Some tips about how to create an effective mobile campaign
This is part two of a two-part series on how organizations can use mobile tech for social good. See part one: A beginner’s guide to mobile fundraising.
With the explosion of mobile giving in the wake of this year’s humanitarian relief efforts in Haiti and the Gulf Coast, nonprofits and social change organizations are now taking a new look at what mobile might be able to do for their own causes.
Nicola Wells, regional field director for the Center for Community Change’s Fair Immigration Reform Movement, offers nonprofits a half dozen tips about how to get started with mobile and create an effective mobile campaign, whether for fundraising, recruiting or other goals. The 11-minute interview was conducted just after we presented the Mobilize Your Cause bootcamp at City University of New York as part of Personal Democracy Forum.
The Fair Immigration Reform Movement is a national coalition of immigrants rights groups whose work in social media has three goals: to build a list of individuals who can be called upon when needed to press for immigration reform legislation; to communicate important news and information to those individuals as the campaign evolves, and to engage those supporters and build a relationship with them.
Mobile was a key component of the strategy. Watch, download or embed the video on Vimeo
Nicola noted that immigrants and people of color tend to use mobile more than the general population, and a lot of FIRM’s supporters did not have computers and did not belong to Web-based communities like Care2 or Change.org. Thus, mobile was the perfect tool for keeping in touch with them.
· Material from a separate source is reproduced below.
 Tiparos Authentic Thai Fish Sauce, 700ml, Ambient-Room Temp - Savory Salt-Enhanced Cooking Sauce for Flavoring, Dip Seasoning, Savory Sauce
Wading into the mobile space should not be done lightly, however. “It really takes a lot of staff time just to set up the mobile piece: to create the messaging, do the copy editing and to deal with the day-to-day functioning of the list,” she says.
When the mobile initiative got underway, the executive team had to make sure they had staffing in place and in alignment, including having a key manager of the social media team involved in the mobile campaign. Next, they dedicated to the team a tech expert who was familiar with mobile campaigns and brought in Mobile Commons — a text messaging platform for mobile marketing — to handle the back end.
They talked with partners before they began building the list so they could figure out the right positioning and managed to negotiate relationships to get their long-term buy-in, Nicola said. Finally, they began thinking deeply about the user experience, particularly:
- calls to action, including urging them to attend rallies on behalf of the cause
- alerts, so that when specific high-tension information came out, people would be in the loop
- a feedback loop that gave members a sense of having access to the campaign
Key lessons learned along the way
Some key lessons they learned, Nicola said, were these:
- You really have to put your short code and mobile information everywhere you put your url.
- Person to person is the best way to sign people up, not through email.
- Have people at your events walking through the crowd to recruit people for the mobile list. “Computers are not the best way to sign people up.”
- Once you have a short code, try not to change it, because you’re building a brand around your code and number. For example, FIRM uses the short code JUSTICE (Justicia in Spanish) texted to 69866.
- You really have to learn the art of communicating complex ideas in 160 characters. “Allow one or two people on your team to take ownership of that,” Nicola says. “I like to call them the gatekeepers.”
Integrate mobile into your social media strategyI also chatted after our workshop with Rachel LaBruyere, deputy online director for the Reform Immigration For America campaign. She manages the RI4A cell phone action network, a text message network harnessing mobile technology to fight for comprehensive immigration reform. Rachel runs the Center for Community Change’s 150,000-strong mobile list, one of the largest lists for advocacy in the United States.
She used “crowd-building” techniques for last spring’s March on Washington for immigration reform, using mobile to help people find rides. For those unable to attend, she had them call into the White House and text messages of support that flashed on a big JumboTron during the march.
Her big tip: “You need to think of mobile not as a stand-alone tool but as a tool that integrates into what you’re already doing. You need to think of mobile as social media — it’s a two-way communication tool, not a one-way broadcasting mechanism.”
As for crafting a message, she said, “There are a lot of messages that are right for your email list that won’t be right for your mobile list.” With practice, you’ll know what works and what doesn’t.